Banco Santander SA (SAN) hired banks to manage a debut sale of additional Tier 1 securities as demand for high-risk debt cuts borrowing costs.

Spain’s biggest lender plans to sell euro-denominated notes that will convert into equity if capital ratios fall below 5.125 percent, according to a person familiar with the matter. The undated notes can be redeemed after five years.

Additional Tier 1 notes offer higher yields than conventional bonds because they comply with new European Union rules designed to make investors, rather than taxpayers, contribute to a bank’s financial rescue. Banco Bilbao Vizcaya Argentaria SA (BBVA), Spain’s second-largest lender, and Credit Agricole SA (ACA) issued the notes this year.

“This is going to cause a lot of interest because it wasn’t one of the names the market had expected,” said Daniel Bjork, a fund manager at Swisscanto Asset Management in Zurich, which has more than $56 billion of assets. “There’s a lot of positive momentum around Spain at present, so this is very good timing from Santander’s point of view.”

Moody’s Investors Service raised Spain’s credit rating to Baa2 from Baa3 on Feb. 21, citing a rebalancing of the economy toward more sustainable growth and progress made in implementing structural reforms.

Danske Bank

Danske Bank A/S (DANSKE) is also holding talks with investors to issue at least 500 million euros of Additional Tier 1 bonds, a person familiar with the plans said separately. The notes will be undated and can be redeemed after six years, the person said.

Contingent capital securities, known as CoCo bonds, convert to equity or are written down to allow banks to replenish capital instead of having to seek taxpayer support.
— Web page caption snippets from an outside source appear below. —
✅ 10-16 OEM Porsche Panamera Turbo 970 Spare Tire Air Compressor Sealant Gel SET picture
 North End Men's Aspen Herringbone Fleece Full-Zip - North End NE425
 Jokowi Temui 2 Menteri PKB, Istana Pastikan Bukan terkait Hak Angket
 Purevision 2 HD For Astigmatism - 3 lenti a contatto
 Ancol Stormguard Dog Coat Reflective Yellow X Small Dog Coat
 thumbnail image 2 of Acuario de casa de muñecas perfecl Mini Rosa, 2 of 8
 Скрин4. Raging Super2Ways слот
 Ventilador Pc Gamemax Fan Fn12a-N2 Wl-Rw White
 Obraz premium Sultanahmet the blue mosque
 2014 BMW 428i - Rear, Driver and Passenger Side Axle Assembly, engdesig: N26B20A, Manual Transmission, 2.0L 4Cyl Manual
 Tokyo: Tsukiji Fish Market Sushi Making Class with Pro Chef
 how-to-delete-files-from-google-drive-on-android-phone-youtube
To compensate investors for the extra risk, the average coupon on the securities in Bank of America’s Contingent Capital Index is 7.87 percent.

In contrast, the average coupon on high-yield bonds worldwide is 7.27 percent, while non-financial companies in Europe with junk ratings pay 6.86 percent, according to Bank of America index data.

Bank of America Merrill Lynch, Citigroup Inc. and UBS AG are helping Santander arrange presentations to investors in Europe starting March 3, the person said.

About $14.6 billion of the securities has been issued by European banks in euros and dollars, data compiled by Bloomberg show.